Headline

Dukung Penyelesaian Pelanggaran HAM Berat, Komnas HAM Pertanyakan Peran Hukum di Indonesia

Amiruddin, Wakil Ketua Komnas HAM sekaligus Ketua Tindak Lanjut Hasil Penyelidikan Pelanggaran HAM yang berat, menyayangkan peran hukum yang sampai saat ini tak serius menindaklanjuti pelanggaran HAM berat.

Ia bahkan menyebutkan, dari 15 kasus pelanggaran HAM berat yang ditanganinya, hingga saat ini baru ada 3 kasus yang akan mendapat putusan pengadilan ad hoc, yakni kasus Timor-Timur, Tanjung Priok dan Abepura. Adapun yang terbaru perkembangannya, adalah kasus Paniai (2014) yang kini tengah dalam proses penyidikan Kejaksaan Agung.

“Ternyata selama 20 tahun permasalahan ini tidak tuntas,” kata Amir dalam keterangannya, dikutip dari situs resmi Komnas HAM, Sabtu (21/5).

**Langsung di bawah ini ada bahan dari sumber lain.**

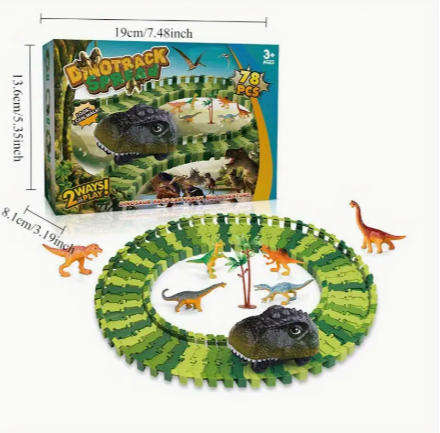 Dinosaur Track Car DIY Electric Dinosaur Train Set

Amir kemudian menjelaskan, bahwa dalam penanganan pelanggaran HAM berat tak selalu harus melewati meja pengadilan, melainkan bisa melalui mekanisme di luar pengadilan, yang merujuk pada UU Nomor 27 Tahun 2004 tentang Komisi Kebenaran dan Rekonsiliasi (KKR).

“Tahun 2004 lahir Komisi Kebenaran dan Rekonsiliasi. Namun Mahkamah Konstitusi melalui Putusan MK membatalkan UU KKR ini,” tambahnya.

Bukan itu saja, Amir juga menyinggung soal UU Nomor 26 Tahun 200 tentang Pengadilan HAM, yang nyatanya sampai saat ini tak benar-benar bisa berlaku sebagaimana tugas pokok dan fungsinya, untuk mengatasi permasalahan HAM berat.

“Jika prosedur hukum tidak dapat ditempuh, prosedur kemanusiaan apa yang bisa kita lakukan? Khususnya agar kejadian seperti ini tidak terulang dan pemulihan terhadap korban bisa terpenuhi,” ujarnya.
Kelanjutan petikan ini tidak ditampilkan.